*** Opening Task input ***
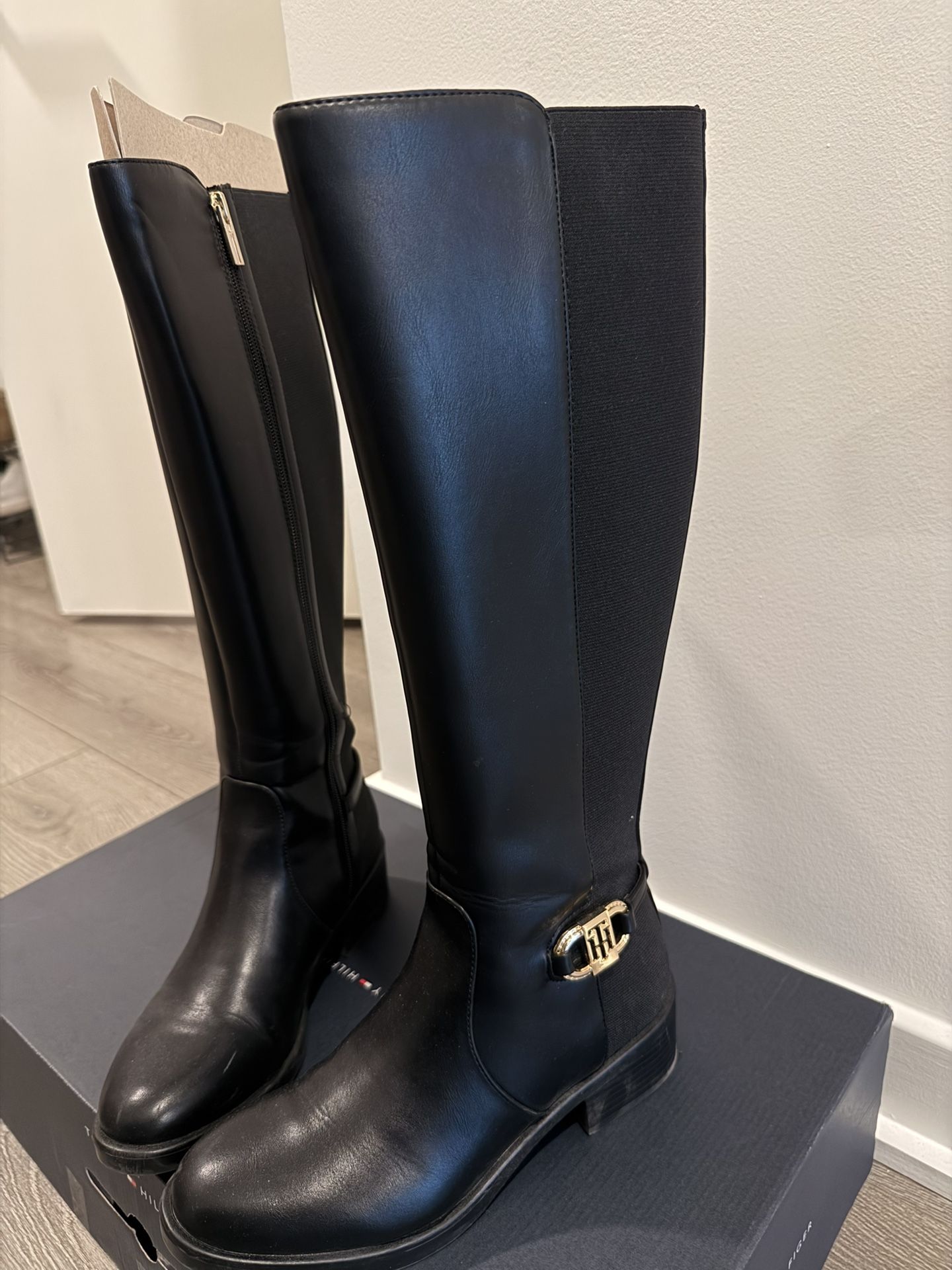Tall black boots - Tommy Hilfiger, Size 7M
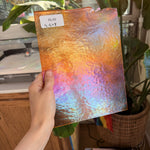 Orange Iridescent Transparent Bullseye Fusible 90 COE Sheet Glass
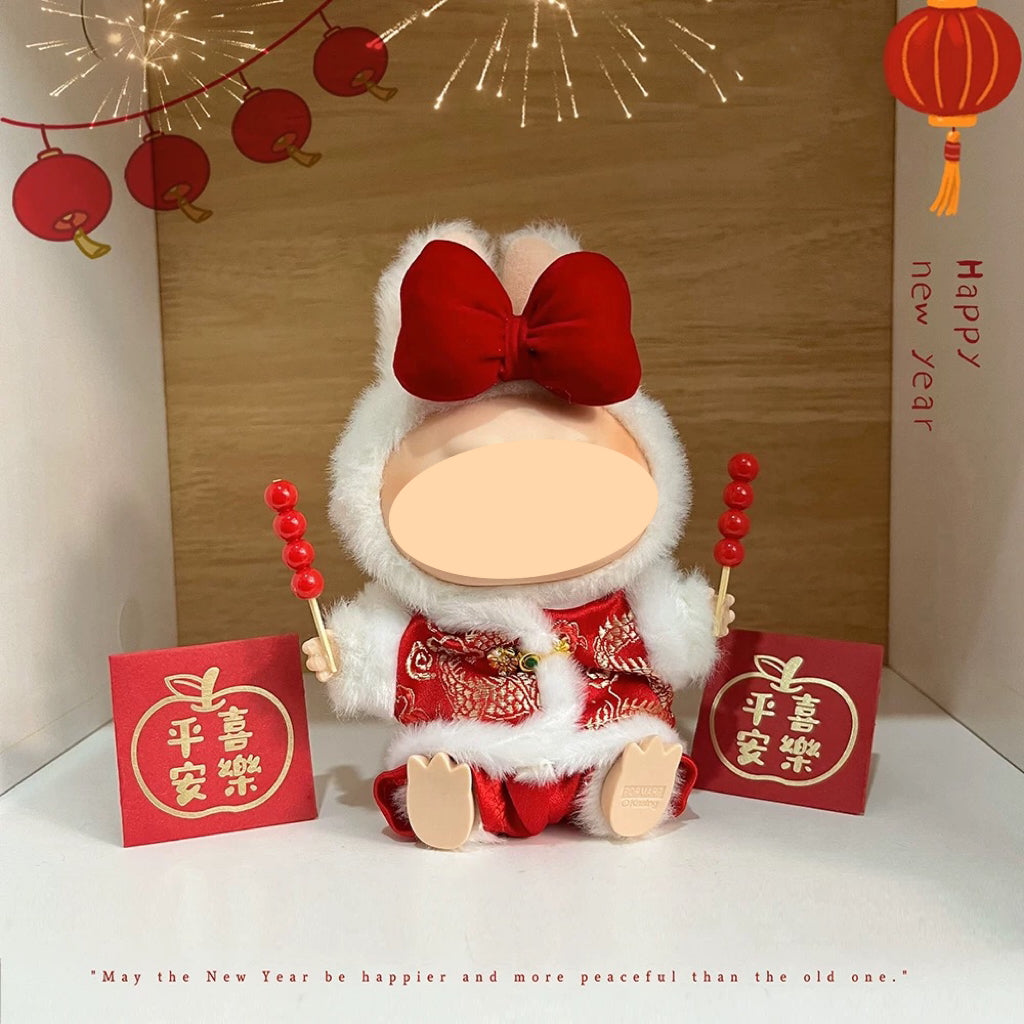Clothes for labubu（No doll）17cm-Chinese New Year Red Series Clothes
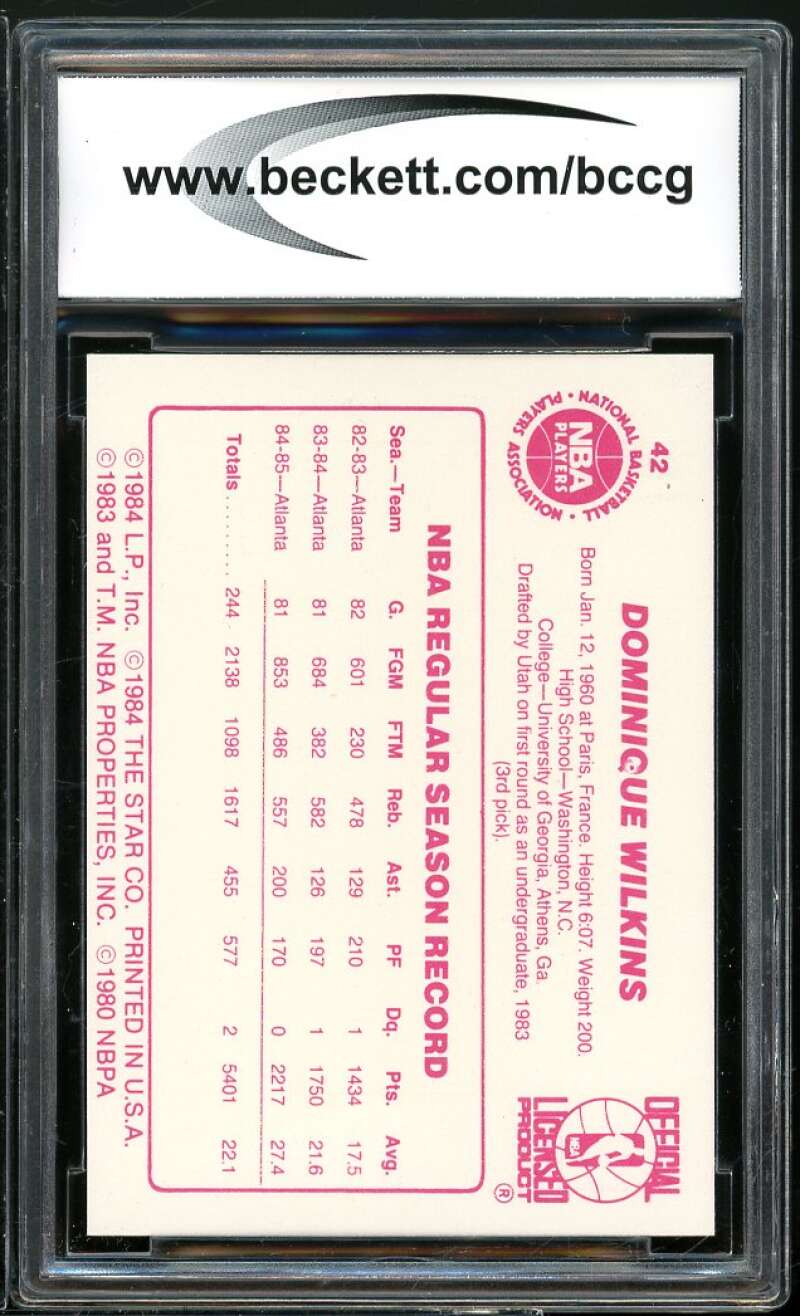 1985-86 Star #42 Dominique Wilkins Card BGS BCCG 9 Near Mint+ Image 2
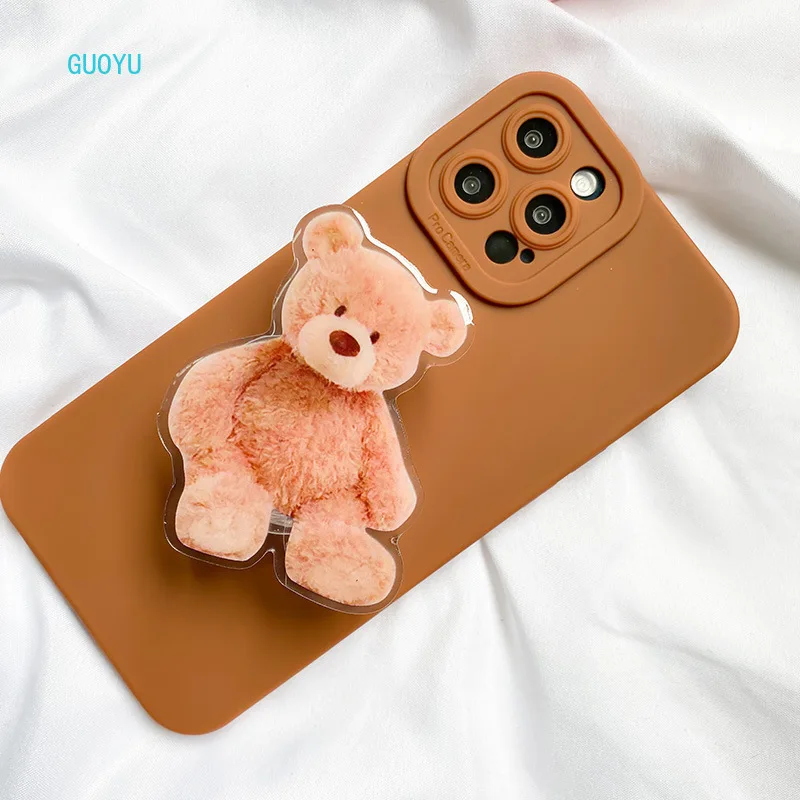 モバイルエアバッグホルダー、かわいい漫画のクマ、デスクトップレイジーサポートフレーム、女性の自撮り、インターネットセレブ、ポータブルリングバックル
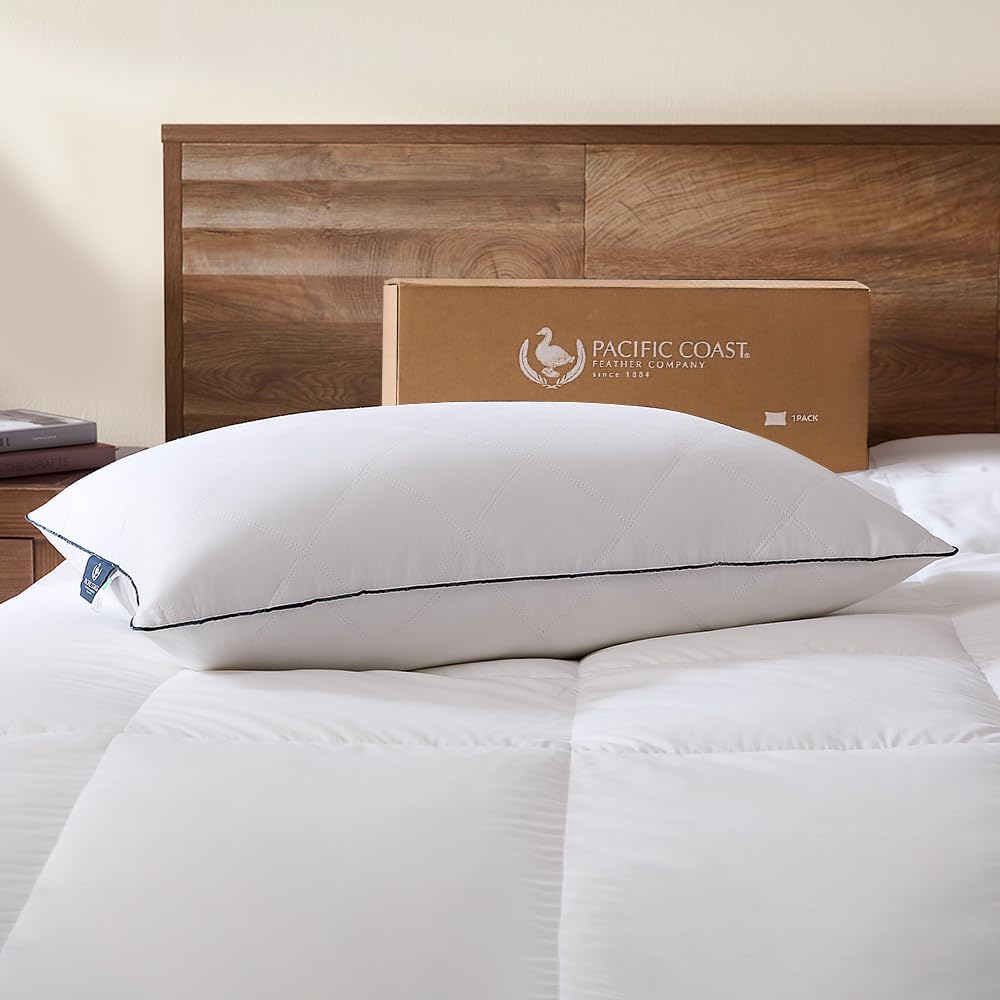 Pacific Coast Premium Goose Feather & Down Bed Pillows Standard Size 1-Pack, Hotel Quality Collection, Medium Support for Side & Back Sleepers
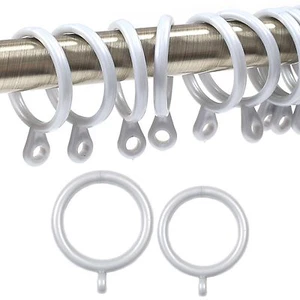 SILBER GARDINENSTANGE RING FEST~KLEIN-GROß~Kunststoff Chromstange Schlaufenstange Hakenleiste - Bild 1 von 1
*** Closing Task input ***
> [Task requirements]
Write out every line above exactly as it is, leaving out the pictures.

> [Solution to the problem]
Tall black boots - Tommy Hilfiger, Size 7M
 Orange Iridescent Transparent Bullseye Fusible 90 COE Sheet Glass
Clothes for labubu（No doll）17cm-Chinese New Year Red Series Clothes
 1985-86 Star #42 Dominique Wilkins Card BGS BCCG 9 Near Mint+ Image 2
 モバイルエアバッグホルダー、かわいい漫画のクマ、デスクトップレイジーサポートフレーム、女性の自撮り、インターネットセレブ、ポータブルリングバックル
 Pacific Coast Premium Goose Feather & Down Bed Pillows Standard Size 1-Pack, Hotel Quality Collection, Medium Support for Side & Back Sleepers
 SILBER GARDINENSTANGE RING FEST~KLEIN-GROß~Kunststoff Chromstange Schlaufenstange Hakenleiste - Bild 1 von 1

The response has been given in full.